Zum Namen heißt es seitens der Post, man wolle eine „Bank für 99 Prozent der Österreicher – digital und filial“ bieten. Konkret werden die offiziellen Postfilialen des Landes das neue Service ab Anfang April anbieten. Die Post-Partner-Standorte werden wenig später, am 4. Mai, folgen. Damit bietet man unmittelbar ein in Österreich unvergleichlich großes Filialnetz. Der Fokus im Marketing liegt dem Vernehmen nach auch genau auf dieser Offline-Präsenz.

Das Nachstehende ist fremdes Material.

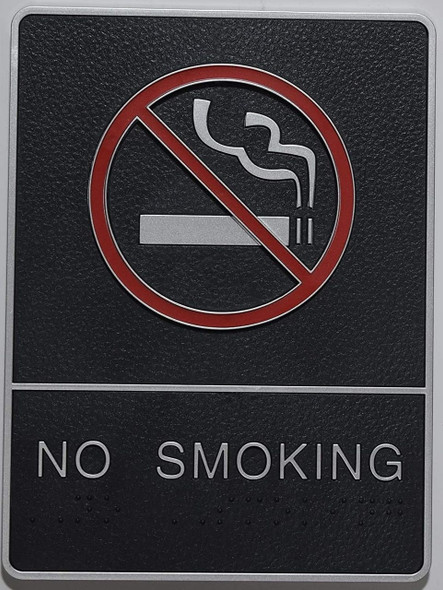 NO Smoking Sign Braille Sign with Raised Tactile Graphics and Letters NO Smoking Sign Braille Sign with Raised Tactile Graphics and Letters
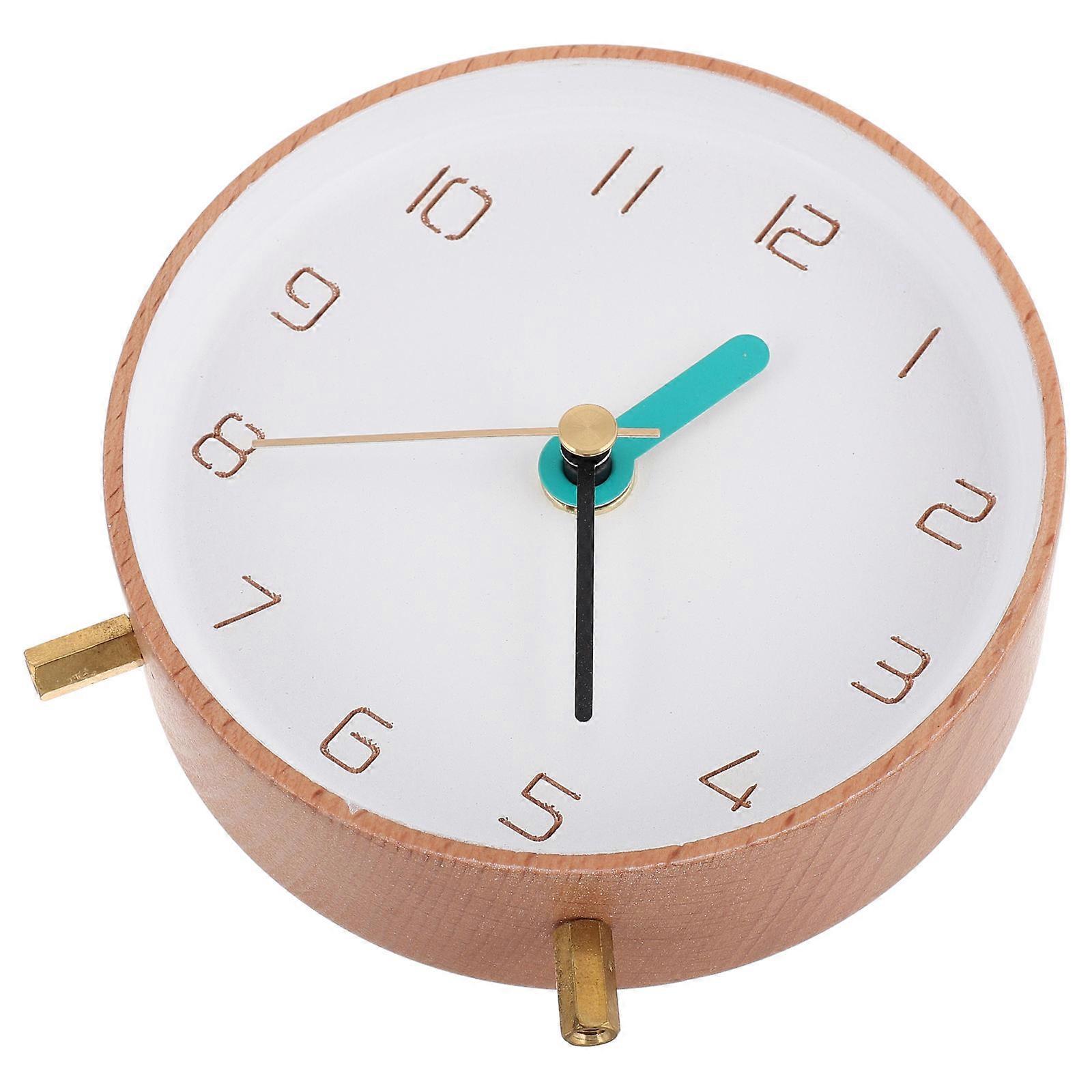 Wooden Silent Desk Clock Analog for Home Office 4Pcs Simple Design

Post-Generaldirektor: „Beste Öffnungszeiten der Branche“

„Viele Banken dünnen ihre Standorte aus – wir gehen einen anderen Weg. In unseren knapp 1800 bestehenden Geschäftsstellen bieten wir mit der bank99 ab April eine weitere posteigene Dienstleistung an und stehen mit persönlichem Service insbesondere in ländlichen Gegenden für Bank- und Finanzprodukte zur Verfügung. Und wir werden die besten Öffnungszeiten der Branche haben“, sagt dazu Post-Generaldirektor Georg Pölzl.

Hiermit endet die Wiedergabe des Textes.